Caption-style text data:

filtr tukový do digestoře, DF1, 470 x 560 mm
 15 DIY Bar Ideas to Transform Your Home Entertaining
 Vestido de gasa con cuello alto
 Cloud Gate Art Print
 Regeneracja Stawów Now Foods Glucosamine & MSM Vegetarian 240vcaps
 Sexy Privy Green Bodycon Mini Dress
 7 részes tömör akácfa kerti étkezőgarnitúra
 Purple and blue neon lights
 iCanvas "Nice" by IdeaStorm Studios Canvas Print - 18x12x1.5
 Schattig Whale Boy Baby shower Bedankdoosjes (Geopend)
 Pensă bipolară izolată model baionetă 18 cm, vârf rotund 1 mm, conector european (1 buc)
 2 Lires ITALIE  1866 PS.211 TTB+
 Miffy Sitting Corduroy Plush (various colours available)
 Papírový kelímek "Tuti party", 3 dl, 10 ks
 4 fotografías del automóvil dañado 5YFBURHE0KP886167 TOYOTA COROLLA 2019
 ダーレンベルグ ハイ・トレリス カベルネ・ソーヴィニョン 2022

--- WORK TO COMPLETE ---
Lines above with "Print" in them are the ones to copy.

--- TASK RESULT ---
 Cloud Gate Art Print
 iCanvas "Nice" by IdeaStorm Studios Canvas Print - 18x12x1.5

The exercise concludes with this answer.